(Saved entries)
________________
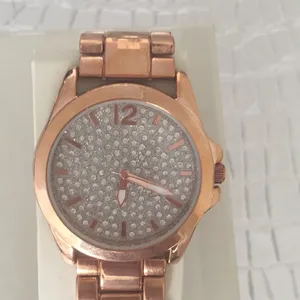 Rose gold watch with crystal encrusted face. thumbnail 2
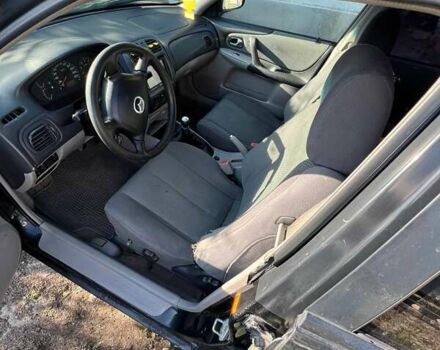 Черный Мазда 323, объемом двигателя 1.6 л и пробегом 250 тыс. км за 2500 $, фото 7 на Automoto.ua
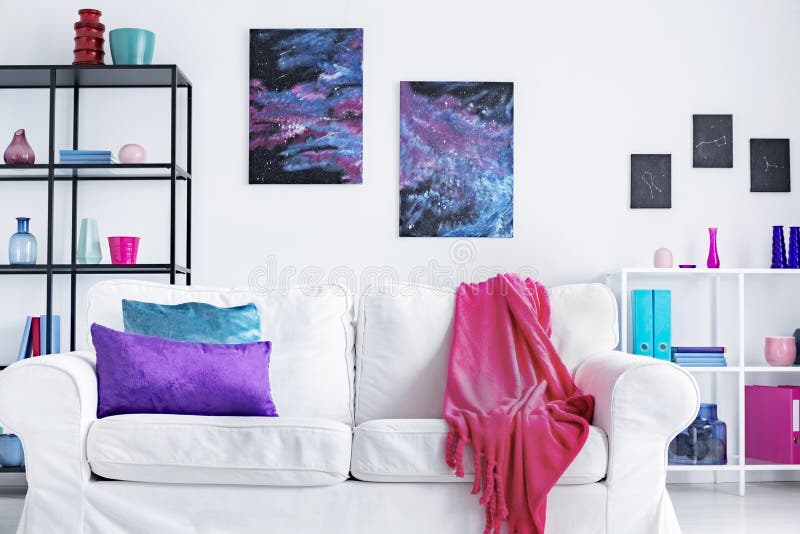 Closeup of white comfortable couch with pink blanket and purple and blue pillows in modern living room interior, real photo concept. Closeup of white comfortable couch with pink blanket and purple and blue pillows in modern living room interior, real photo concept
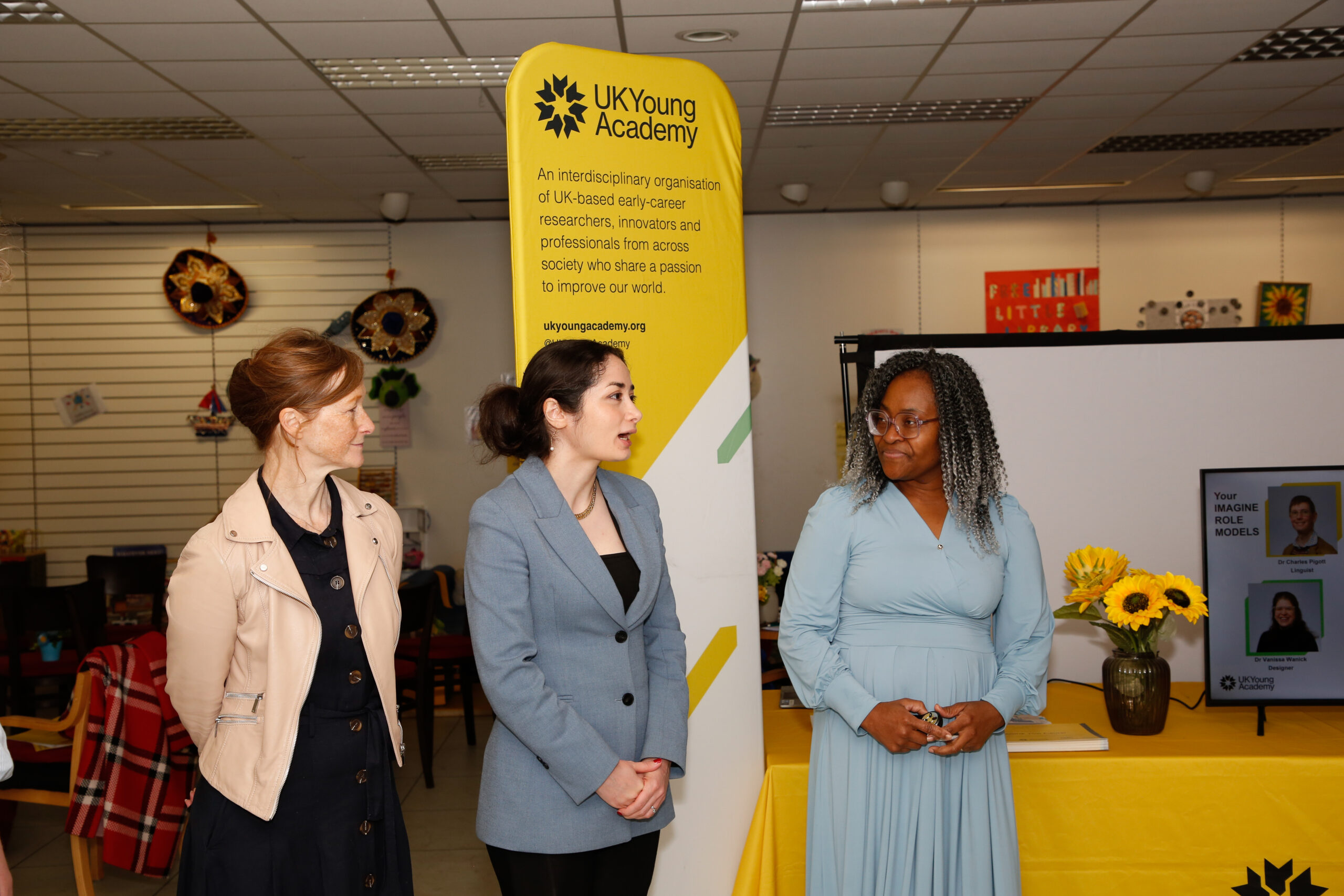 Three speakers stand beside a UK Young Academy banner and display table during an outreach event.
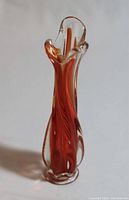 Front view of the tall slender hand blown glass vase displaying fire red and orange swirling colors with a twisted handle and fluted top.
________________
To do: Your answer must be the records exactly as they stand, with no pictures in it.

Exercise result:
 Rose gold watch with crystal encrusted face. thumbnail 2
 Черный Мазда 323, объемом двигателя 1.6 л и пробегом 250 тыс. км за 2500 $, фото 7 на Automoto.ua
 Closeup of white comfortable couch with pink blanket and purple and blue pillows in modern living room interior, real photo concept. Closeup of white comfortable couch with pink blanket and purple and blue pillows in modern living room interior, real photo concept
 Three speakers stand beside a UK Young Academy banner and display table during an outreach event.
 Front view of the tall slender hand blown glass vase displaying fire red and orange swirling colors with a twisted handle and fluted top.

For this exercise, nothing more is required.